Dessa forma, podemos perceber que todos os autores citados tinham em comum o estudo da

evolução da sociedade desde os primórdios para definir de acordo com a linha de pensamento

daquela época a identidade nacional. Alguns com uma visão mais pessimista ou crítica da forma de

colonização portuguesa e outros mais simpáticos, apontando os traços positivos desta cultura

ibérica. Mas todos comungam que a diversidade, a leveza no trato com o outro, o relacionamento

cordial e a mestiçagem corroboraram na formação de um povo pacífico, criativo e adaptável às

diversos matizes e situações contemporâneas.

Do que se compreendemos, essas obras tornaram-se primordiais para se conhecer o passado,

entender o presente e projetar o futuro no que concerne algumas práticas adotadas pela sociedade

quanto a forma de conduzir a política, relações de trabalho, entre outras.

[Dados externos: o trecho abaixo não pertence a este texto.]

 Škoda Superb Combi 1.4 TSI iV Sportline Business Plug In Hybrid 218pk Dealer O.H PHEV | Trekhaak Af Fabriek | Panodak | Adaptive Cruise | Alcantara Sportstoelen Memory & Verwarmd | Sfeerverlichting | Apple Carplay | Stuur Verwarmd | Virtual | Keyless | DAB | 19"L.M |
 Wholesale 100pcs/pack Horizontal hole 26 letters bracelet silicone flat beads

Todas problematizam o

sentido originário básico da formação da identidade nacional e que vem se constituindo a medida

que alcançamos a modernização ao adotarmos práticas mais impessoais e com foco no bem comum,

mesmo que vemos esse processo ainda tênue, lento e gradual.

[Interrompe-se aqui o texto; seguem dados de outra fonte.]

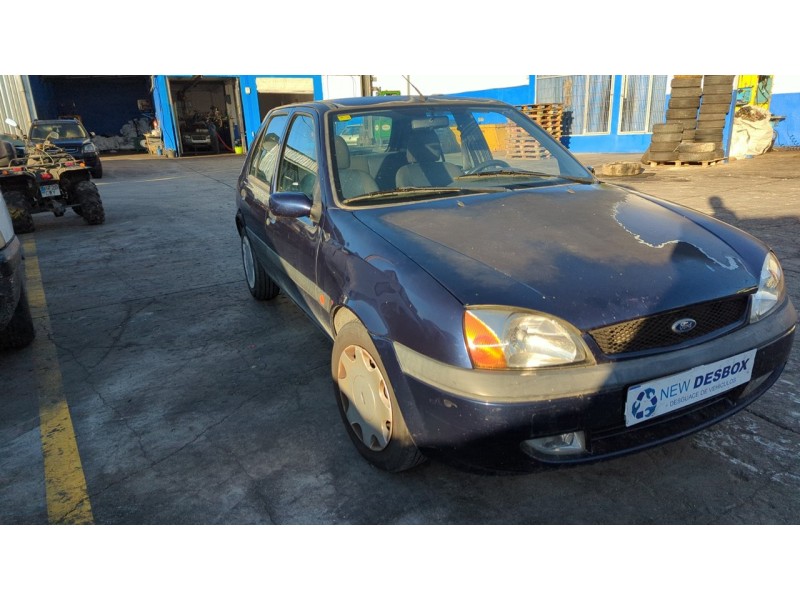 ford fiesta berlina (dx) del año 2001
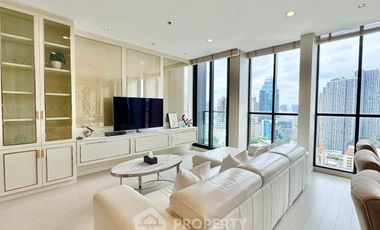 For rent 2 bedrooms condo in Pathum Wan, Bangkok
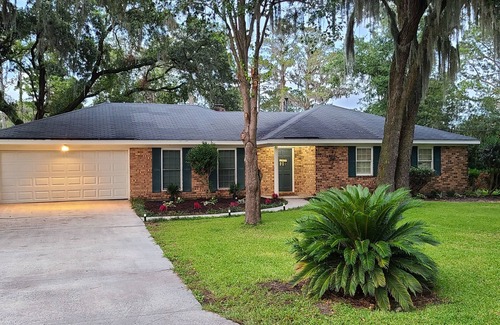 Whitemarsh Island House | Coastal Escape 7 miles from Tybee Island Savannah & River Street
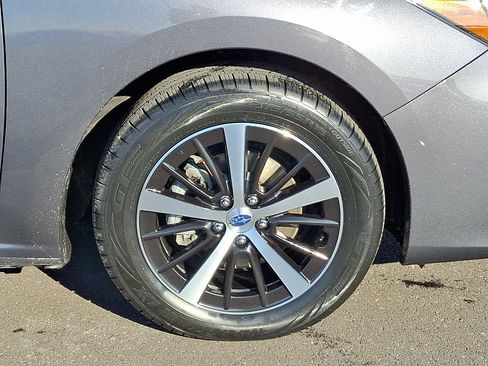 Used 2019 Subaru Impreza 2.0i Premium image 8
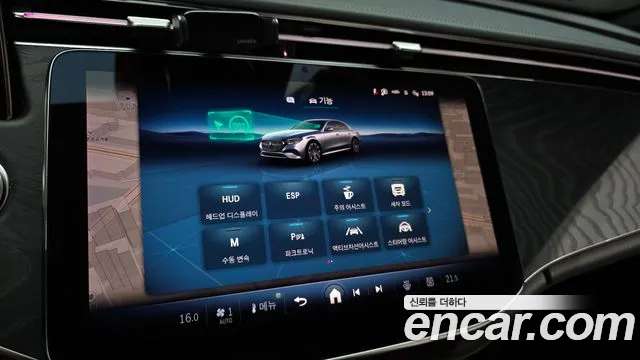 Mercedes-Benz E-Class — Фото автомобиля 15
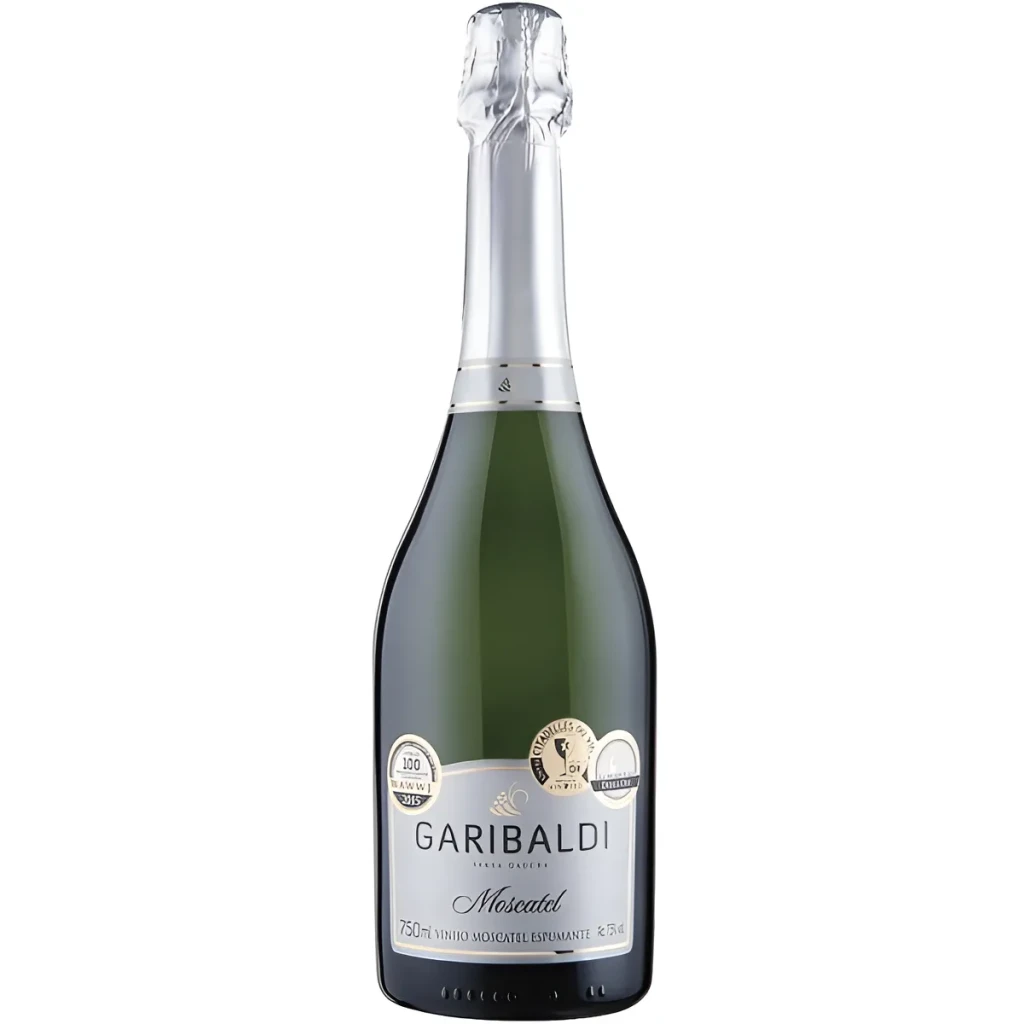 Espumante Brasileiro Branco Garibaldi Moscatel Serra Gaúcha Garrafa 750ml Espumante Brasileiro Branco Garibaldi Moscatel Serra Gaúcha Garrafa 750ml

Porém não podemos olvidar de todo o conhecimento histórico do pensar o Brasil e ao

reconhecermos os méritos e deméritos da evolução da nossa sociedade, poderemos desenvolver as

ferramentas necessárias para criar mecanismos de concepção coletiva para melhor aproveitarmos

das nossas riquezas naturais e humanas.

REFERÊNCIAS BIBLIOGRÁFICAS

CUNHA, Euclides da: Os Sertões (Série Ouro). 1. ed. São Paulo, SP: Martin Claret, 2002. 560 p.

FREYRE, Gilberto. Casa-grande e senzala, 28. ed. Editora Record,1992.

Rio de Janeiro, 10 de marco de 2014.